═════ Records for the task ═════

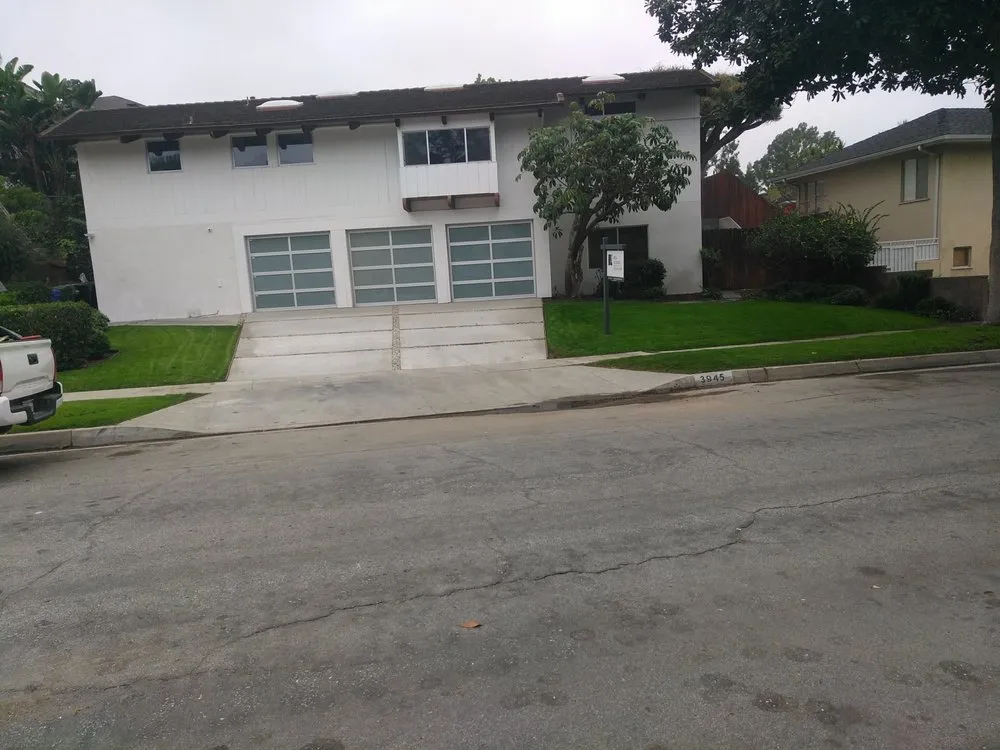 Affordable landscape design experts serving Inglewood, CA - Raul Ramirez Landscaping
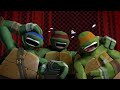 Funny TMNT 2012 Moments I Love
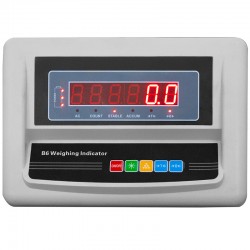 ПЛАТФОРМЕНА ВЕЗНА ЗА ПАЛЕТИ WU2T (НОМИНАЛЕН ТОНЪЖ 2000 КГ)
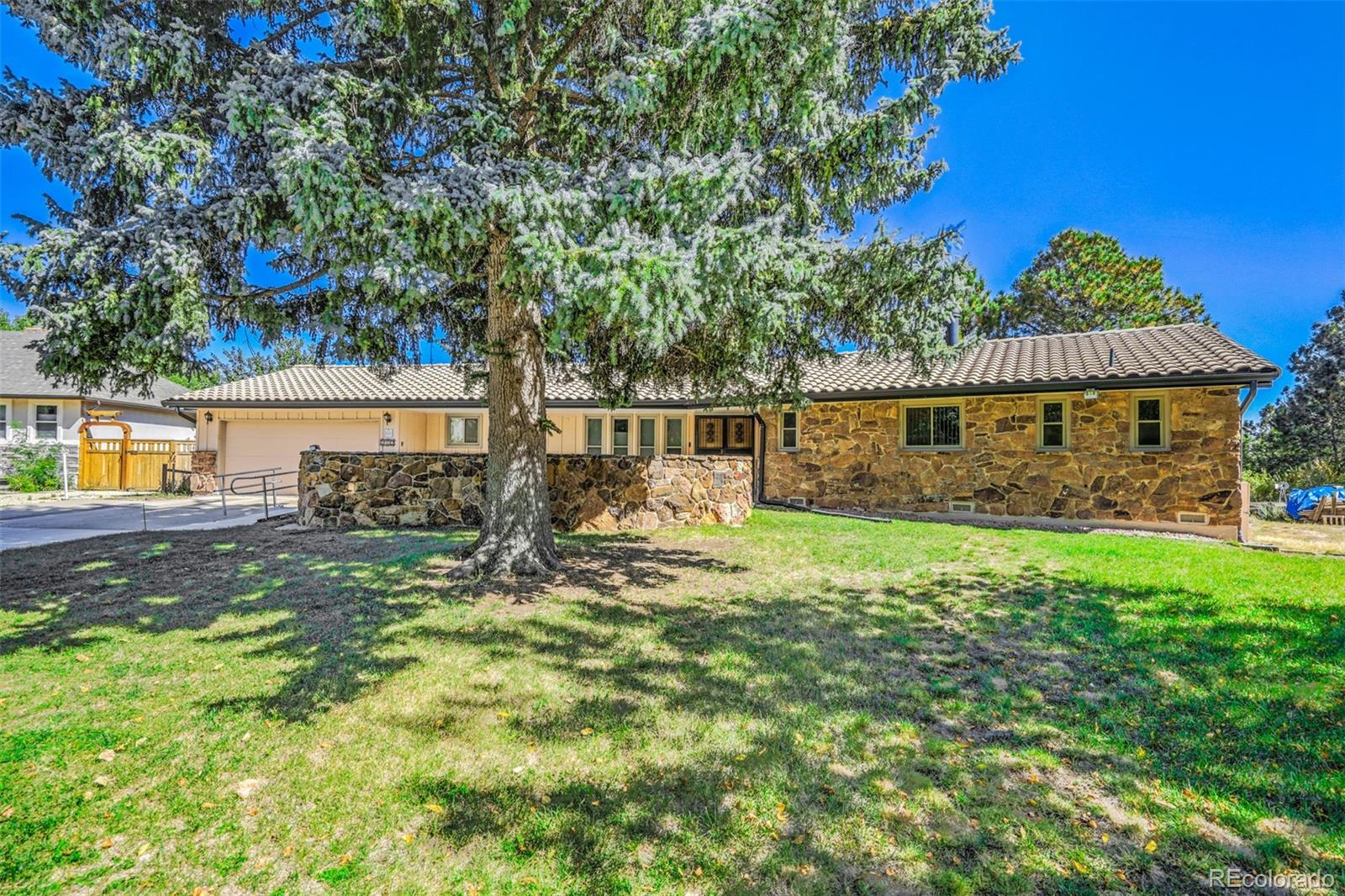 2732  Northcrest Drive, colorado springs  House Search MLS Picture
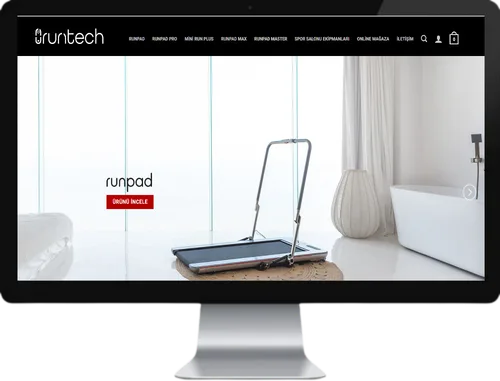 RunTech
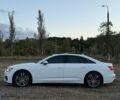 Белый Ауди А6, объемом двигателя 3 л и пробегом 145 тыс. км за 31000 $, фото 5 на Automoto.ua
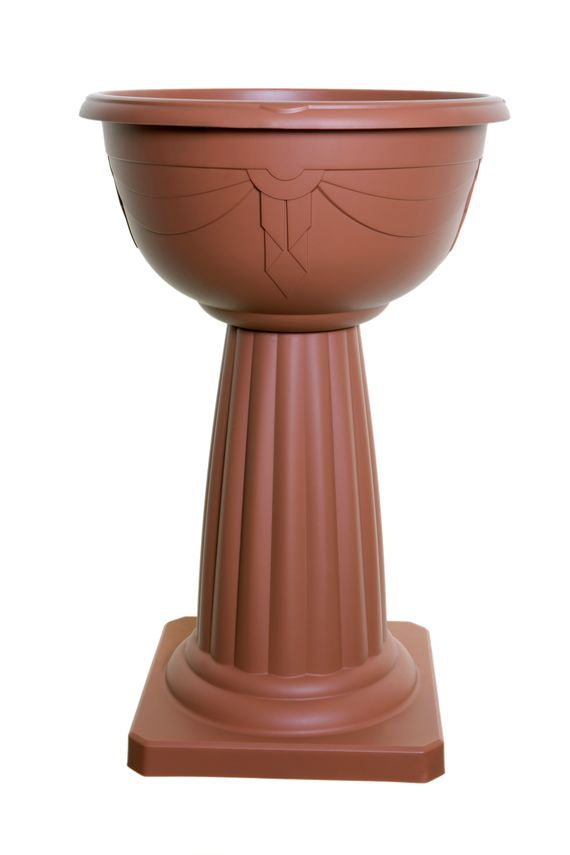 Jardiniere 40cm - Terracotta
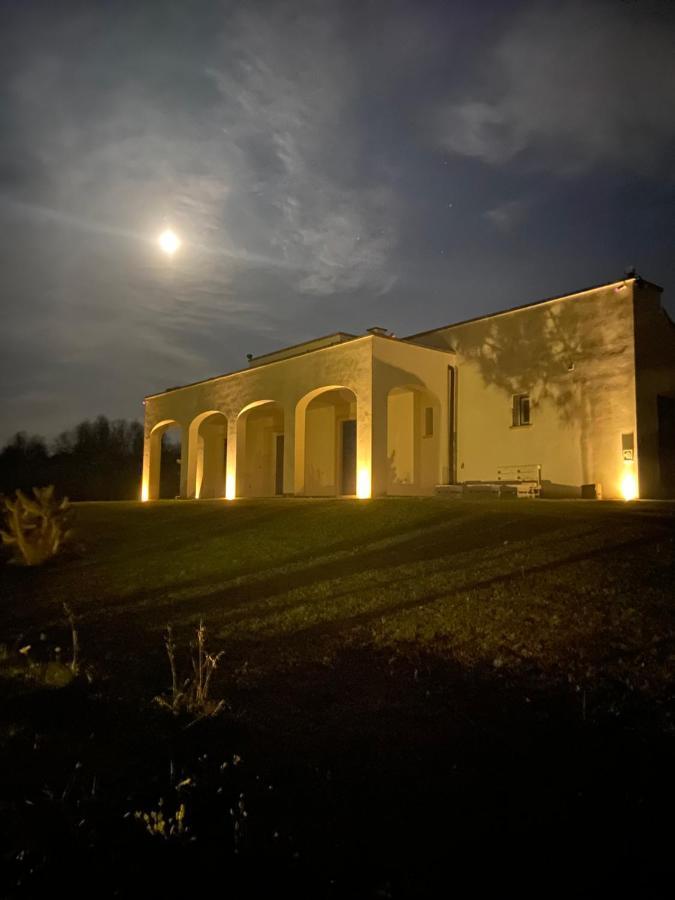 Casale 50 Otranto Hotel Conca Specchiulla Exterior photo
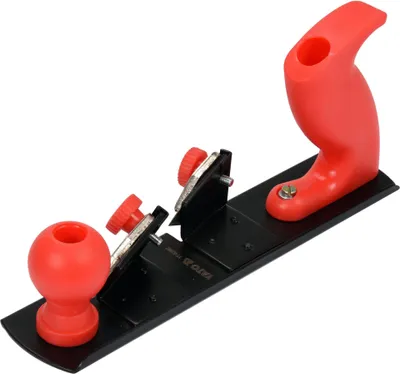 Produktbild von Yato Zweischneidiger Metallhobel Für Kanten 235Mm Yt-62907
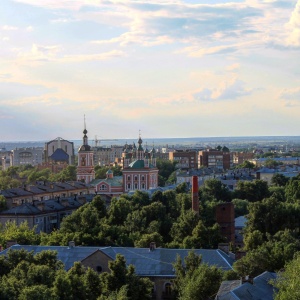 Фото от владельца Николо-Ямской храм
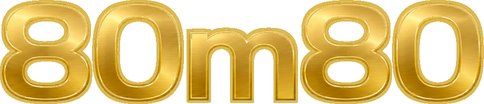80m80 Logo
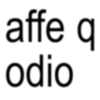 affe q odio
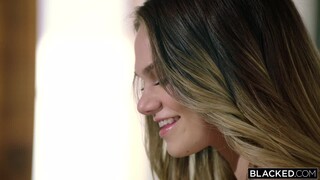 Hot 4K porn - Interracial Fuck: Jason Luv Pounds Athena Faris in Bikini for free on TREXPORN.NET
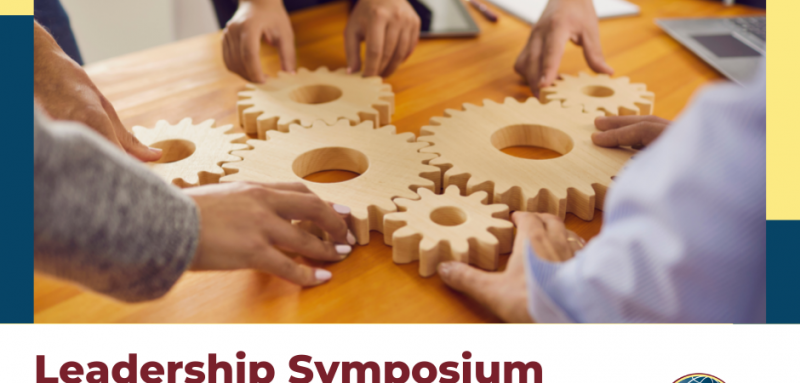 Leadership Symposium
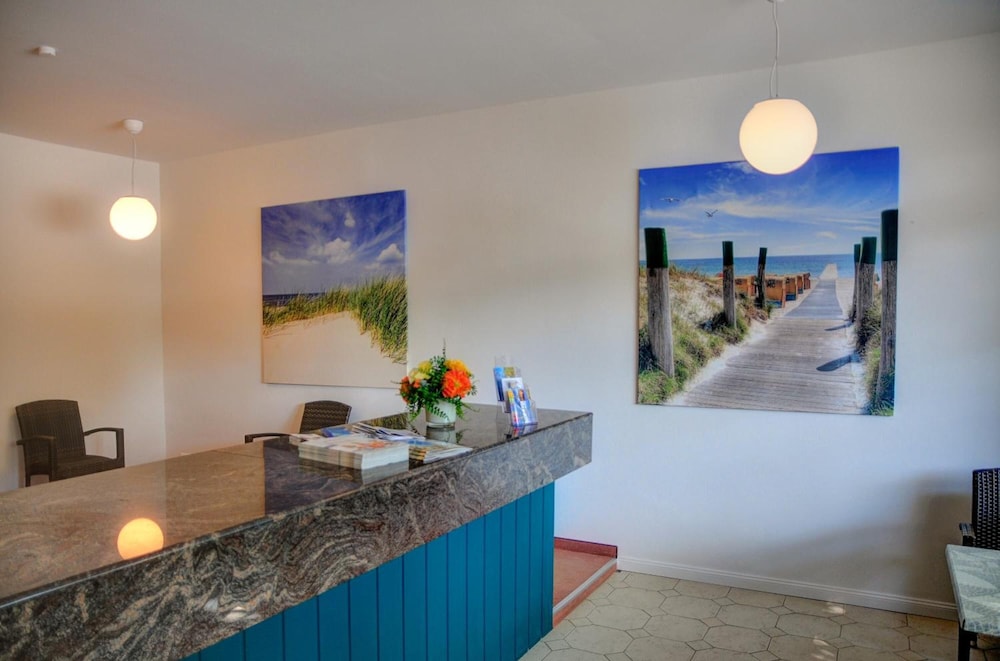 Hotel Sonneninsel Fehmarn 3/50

═════

Task objective: Write out, word for word, the line containing "Фото от владельца Николо-Ямской храм" and each line after it to the end of the data, and nothing more. Drop the pictures.

Response:
 Фото от владельца Николо-Ямской храм
80m80 Logo
 affe q odio
 Hot 4K porn - Interracial Fuck: Jason Luv Pounds Athena Faris in Bikini for free on TREXPORN.NET
 Leadership Symposium
 Hotel Sonneninsel Fehmarn 3/50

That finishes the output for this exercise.